▶ [Exercise requirements]
Look for the word "black" in the entries below, then copy every line that has it.

+ + + +

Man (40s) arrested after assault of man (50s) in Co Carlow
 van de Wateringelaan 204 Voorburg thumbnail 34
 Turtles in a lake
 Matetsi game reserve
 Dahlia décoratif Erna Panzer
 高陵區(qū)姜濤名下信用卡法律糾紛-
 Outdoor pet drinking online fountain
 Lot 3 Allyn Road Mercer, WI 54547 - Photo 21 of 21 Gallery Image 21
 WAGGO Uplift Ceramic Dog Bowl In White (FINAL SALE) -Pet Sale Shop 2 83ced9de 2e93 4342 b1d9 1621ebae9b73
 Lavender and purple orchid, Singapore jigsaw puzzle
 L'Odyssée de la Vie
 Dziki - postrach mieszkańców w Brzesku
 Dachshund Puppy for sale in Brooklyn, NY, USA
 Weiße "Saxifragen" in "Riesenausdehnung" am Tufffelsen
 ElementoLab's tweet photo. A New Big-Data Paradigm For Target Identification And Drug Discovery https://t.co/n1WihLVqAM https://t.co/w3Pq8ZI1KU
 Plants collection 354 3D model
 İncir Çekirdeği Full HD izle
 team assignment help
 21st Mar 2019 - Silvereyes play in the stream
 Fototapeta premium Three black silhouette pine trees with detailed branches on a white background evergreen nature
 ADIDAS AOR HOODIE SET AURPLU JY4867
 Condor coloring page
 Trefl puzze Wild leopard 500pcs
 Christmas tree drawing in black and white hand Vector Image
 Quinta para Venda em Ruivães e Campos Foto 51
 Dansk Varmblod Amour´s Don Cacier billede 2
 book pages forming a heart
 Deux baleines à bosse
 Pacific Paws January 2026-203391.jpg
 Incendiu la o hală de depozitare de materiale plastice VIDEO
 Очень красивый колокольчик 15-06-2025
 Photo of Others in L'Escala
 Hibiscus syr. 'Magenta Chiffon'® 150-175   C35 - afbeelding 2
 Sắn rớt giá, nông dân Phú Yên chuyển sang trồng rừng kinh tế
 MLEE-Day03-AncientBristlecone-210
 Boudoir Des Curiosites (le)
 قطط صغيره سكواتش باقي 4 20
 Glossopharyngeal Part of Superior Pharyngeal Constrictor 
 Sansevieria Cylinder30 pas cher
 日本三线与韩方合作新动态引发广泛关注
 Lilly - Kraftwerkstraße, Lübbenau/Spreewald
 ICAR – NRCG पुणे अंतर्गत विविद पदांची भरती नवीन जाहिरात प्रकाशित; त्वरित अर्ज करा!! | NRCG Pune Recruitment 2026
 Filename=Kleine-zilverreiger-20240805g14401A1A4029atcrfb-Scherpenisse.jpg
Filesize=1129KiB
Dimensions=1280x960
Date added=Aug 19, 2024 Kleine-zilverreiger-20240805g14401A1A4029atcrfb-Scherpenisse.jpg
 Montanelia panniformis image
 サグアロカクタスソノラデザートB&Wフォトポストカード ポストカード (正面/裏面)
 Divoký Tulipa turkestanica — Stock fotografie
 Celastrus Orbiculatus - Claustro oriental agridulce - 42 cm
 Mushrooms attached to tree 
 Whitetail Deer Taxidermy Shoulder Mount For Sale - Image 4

+ + + +

▶ [Expected output]
 Fototapeta premium Three black silhouette pine trees with detailed branches on a white background evergreen nature
 Christmas tree drawing in black and white hand Vector Image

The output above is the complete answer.